Em 1678, Ganga-Zumba assinou um tratado de paz com o governo de Pernambuco. O documento previa que as autoridades libertassem palmarinos que haviam sido feito prisioneiros em um dos confrontos. E também a liberdade dos nascidos em Palmares, além de permissão para realizar comércio. Em troca, a partir dali, os habitantes do quilombo deveriam entregar escravos fugitivos que ali buscassem abrigo. Dandara, ao lado de Zumbi, teria sido contrária ao pacto por entender que se tratava de um acordo que não previa o fim da escravidão. Ganga-Zumba acabou sendo morto por um dos quilombolas contrários à sua proposta.

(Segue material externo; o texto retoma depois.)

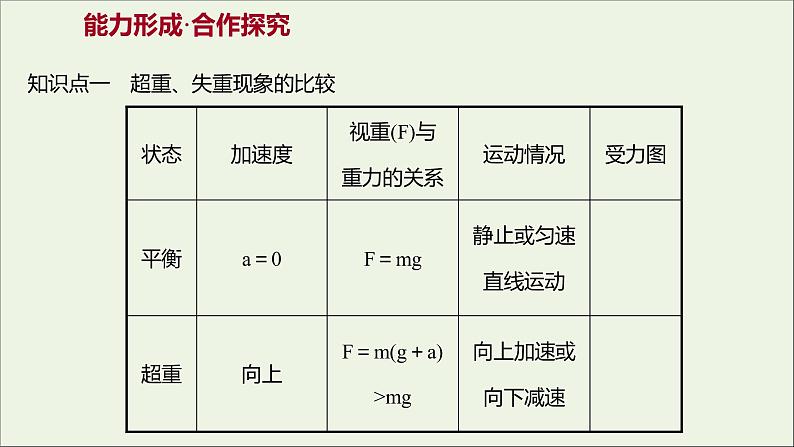 高中物理第三章牛顿运动定律6超重与失重课件教科版必修107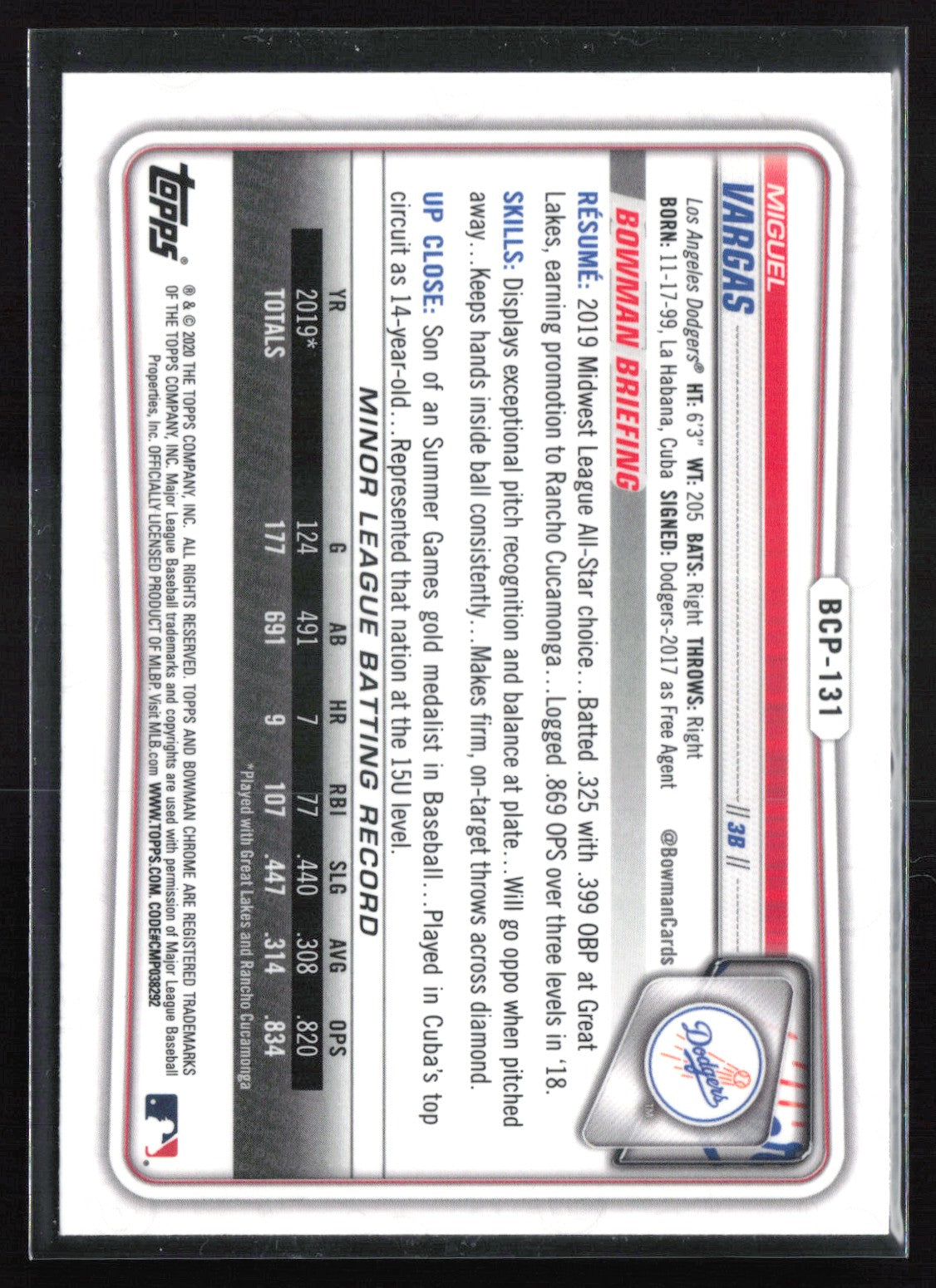 Miguel Vargas 1st Bowman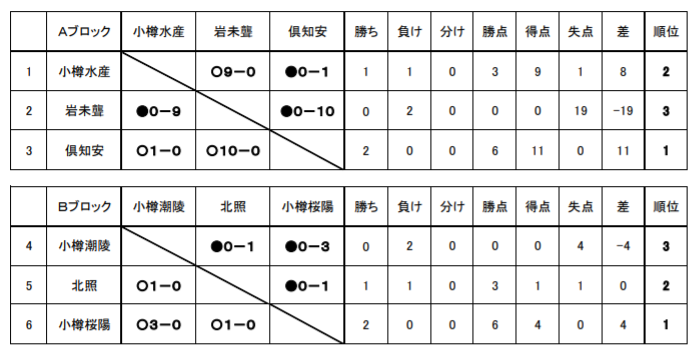 2020年度 小樽地区サッカー新人ユース大会 兼 畑杯争奪サッカー大会 北海道 優勝は小樽水産高校 ジュニアサッカーnews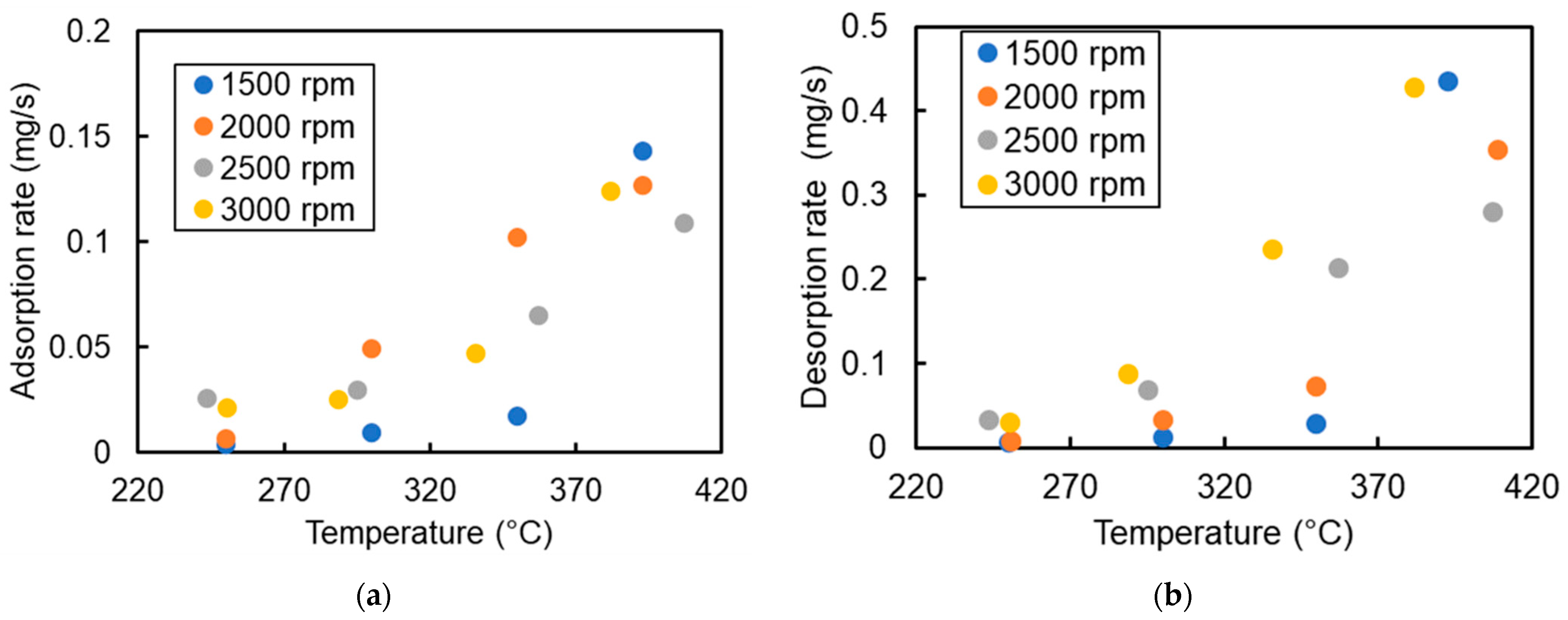 Sustainability 15 14468 g012
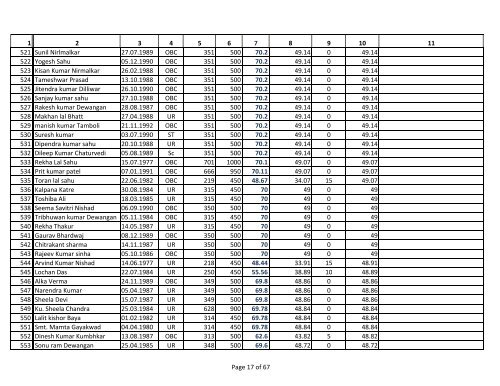 Assistant Grade 3 Merit List for General Category. - Ptjnmc Raipur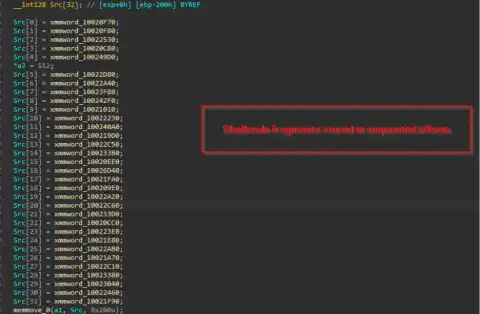 Mustang Panda Uses Zoho WorkDrive for Cyberattacks on Indian Government and Energy Sectors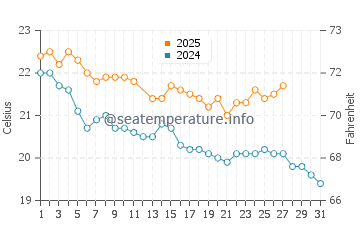 Snells Beach water temp chart in March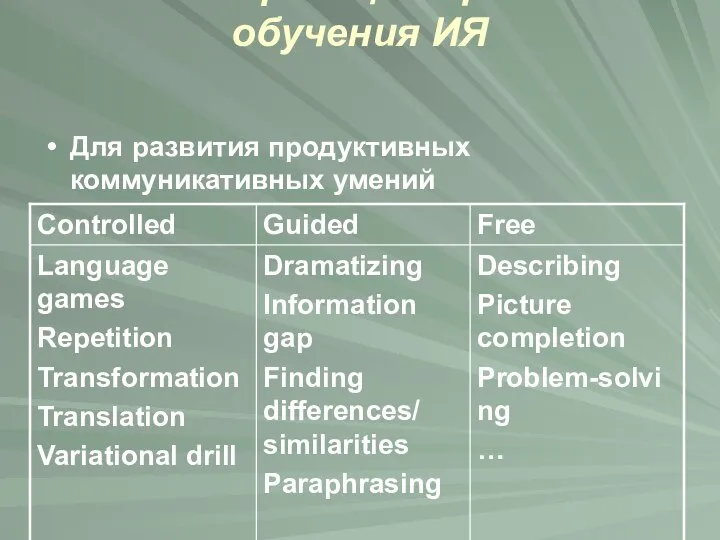 Классификации приемов обучения ИЯ Для развития продуктивных коммуникативных умений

Nesta perspectiva, Dandara, assim como Zumbi, eram intransigentes quanto se tratava de defender a condição de liberdade de seu povo. O centro de suas ações era a segurança do quilombo e a eliminação do inimigo. Ela defendia que a paz em troca de terras no Vale do Cacau, que era a proposta do governo português, seria um passo para a destruição da República de Palmares e a volta à escravidão. O cerco militar contra o quilombo mostrou-se mais forte e Dandara teria sido derrotada em uma das ações das forças coloniais. Suicidou-se depois de presa, em 06 de fevereiro de 1694, para não ser escravizada, Dandara preferiu morrer livre. Mantendo-se livre, nascia o mito inspirador de liberdade que ela é nos nossos dias.